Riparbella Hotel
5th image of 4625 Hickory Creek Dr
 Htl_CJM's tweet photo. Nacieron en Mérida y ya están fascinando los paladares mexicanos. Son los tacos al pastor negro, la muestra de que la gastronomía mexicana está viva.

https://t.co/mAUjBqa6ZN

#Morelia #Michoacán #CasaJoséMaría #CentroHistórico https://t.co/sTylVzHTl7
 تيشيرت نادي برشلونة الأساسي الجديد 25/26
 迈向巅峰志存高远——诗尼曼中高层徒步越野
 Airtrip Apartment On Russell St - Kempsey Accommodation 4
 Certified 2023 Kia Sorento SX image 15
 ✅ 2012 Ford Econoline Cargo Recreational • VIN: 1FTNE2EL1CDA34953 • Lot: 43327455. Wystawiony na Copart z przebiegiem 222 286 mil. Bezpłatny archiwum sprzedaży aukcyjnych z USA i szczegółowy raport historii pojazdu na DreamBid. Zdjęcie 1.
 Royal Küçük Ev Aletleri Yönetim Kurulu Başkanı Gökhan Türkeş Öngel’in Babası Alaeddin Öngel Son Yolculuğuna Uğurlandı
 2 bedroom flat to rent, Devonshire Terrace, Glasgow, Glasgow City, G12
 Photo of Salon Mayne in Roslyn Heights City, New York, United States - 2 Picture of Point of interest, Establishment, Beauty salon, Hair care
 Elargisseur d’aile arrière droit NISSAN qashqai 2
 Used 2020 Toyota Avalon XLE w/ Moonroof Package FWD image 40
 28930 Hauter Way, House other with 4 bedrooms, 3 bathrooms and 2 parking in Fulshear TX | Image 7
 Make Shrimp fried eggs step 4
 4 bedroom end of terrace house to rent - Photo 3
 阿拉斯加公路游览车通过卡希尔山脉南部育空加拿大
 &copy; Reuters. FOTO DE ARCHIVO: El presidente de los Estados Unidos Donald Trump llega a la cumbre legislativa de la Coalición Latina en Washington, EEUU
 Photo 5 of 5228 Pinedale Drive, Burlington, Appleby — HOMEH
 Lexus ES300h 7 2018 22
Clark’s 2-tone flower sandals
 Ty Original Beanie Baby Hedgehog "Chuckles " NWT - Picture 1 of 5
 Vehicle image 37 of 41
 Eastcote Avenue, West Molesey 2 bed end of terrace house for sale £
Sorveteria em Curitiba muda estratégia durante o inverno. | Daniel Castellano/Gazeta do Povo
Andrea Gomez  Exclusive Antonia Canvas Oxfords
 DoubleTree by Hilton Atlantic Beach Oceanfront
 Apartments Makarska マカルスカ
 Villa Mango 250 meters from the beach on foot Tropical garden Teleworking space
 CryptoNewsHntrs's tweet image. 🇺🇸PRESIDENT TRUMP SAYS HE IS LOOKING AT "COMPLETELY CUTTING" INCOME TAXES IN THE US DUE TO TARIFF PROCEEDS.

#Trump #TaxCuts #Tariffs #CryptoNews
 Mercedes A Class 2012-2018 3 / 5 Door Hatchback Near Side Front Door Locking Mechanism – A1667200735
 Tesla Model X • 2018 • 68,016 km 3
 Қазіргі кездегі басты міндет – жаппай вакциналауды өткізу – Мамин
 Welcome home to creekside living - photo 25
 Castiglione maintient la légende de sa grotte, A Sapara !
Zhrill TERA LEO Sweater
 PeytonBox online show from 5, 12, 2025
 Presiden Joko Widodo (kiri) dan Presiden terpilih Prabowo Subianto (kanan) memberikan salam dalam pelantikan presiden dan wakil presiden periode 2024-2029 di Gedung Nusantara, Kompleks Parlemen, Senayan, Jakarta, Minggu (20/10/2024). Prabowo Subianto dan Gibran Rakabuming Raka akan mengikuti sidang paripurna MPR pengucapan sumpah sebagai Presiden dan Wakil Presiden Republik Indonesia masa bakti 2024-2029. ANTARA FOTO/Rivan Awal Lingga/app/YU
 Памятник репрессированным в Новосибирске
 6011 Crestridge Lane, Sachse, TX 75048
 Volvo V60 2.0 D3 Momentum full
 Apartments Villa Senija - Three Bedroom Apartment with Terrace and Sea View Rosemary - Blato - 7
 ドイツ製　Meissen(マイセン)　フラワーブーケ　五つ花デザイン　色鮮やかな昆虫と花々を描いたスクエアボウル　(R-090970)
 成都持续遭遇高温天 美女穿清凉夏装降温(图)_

-=-=-=-=-

**Task:**
Return, exactly and without additions, the lines that run from the one containing "Vehicle image 37 of 41" to the end of the material above.

**Response area:**
 Vehicle image 37 of 41
 Eastcote Avenue, West Molesey 2 bed end of terrace house for sale £
Sorveteria em Curitiba muda estratégia durante o inverno. | Daniel Castellano/Gazeta do Povo
Andrea Gomez  Exclusive Antonia Canvas Oxfords
 DoubleTree by Hilton Atlantic Beach Oceanfront
 Apartments Makarska マカルスカ
 Villa Mango 250 meters from the beach on foot Tropical garden Teleworking space
 CryptoNewsHntrs's tweet image. 🇺🇸PRESIDENT TRUMP SAYS HE IS LOOKING AT "COMPLETELY CUTTING" INCOME TAXES IN THE US DUE TO TARIFF PROCEEDS.

#Trump #TaxCuts #Tariffs #CryptoNews
 Mercedes A Class 2012-2018 3 / 5 Door Hatchback Near Side Front Door Locking Mechanism – A1667200735
 Tesla Model X • 2018 • 68,016 km 3
 Қазіргі кездегі басты міндет – жаппай вакциналауды өткізу – Мамин
 Welcome home to creekside living - photo 25
 Castiglione maintient la légende de sa grotte, A Sapara !
Zhrill TERA LEO Sweater
 PeytonBox online show from 5, 12, 2025
 Presiden Joko Widodo (kiri) dan Presiden terpilih Prabowo Subianto (kanan) memberikan salam dalam pelantikan presiden dan wakil presiden periode 2024-2029 di Gedung Nusantara, Kompleks Parlemen, Senayan, Jakarta, Minggu (20/10/2024). Prabowo Subianto dan Gibran Rakabuming Raka akan mengikuti sidang paripurna MPR pengucapan sumpah sebagai Presiden dan Wakil Presiden Republik Indonesia masa bakti 2024-2029. ANTARA FOTO/Rivan Awal Lingga/app/YU
 Памятник репрессированным в Новосибирске
 6011 Crestridge Lane, Sachse, TX 75048
 Volvo V60 2.0 D3 Momentum full
 Apartments Villa Senija - Three Bedroom Apartment with Terrace and Sea View Rosemary - Blato - 7
 ドイツ製　Meissen(マイセン)　フラワーブーケ　五つ花デザイン　色鮮やかな昆虫と花々を描いたスクエアボウル　(R-090970)
 成都持续遭遇高温天 美女穿清凉夏装降温(图)_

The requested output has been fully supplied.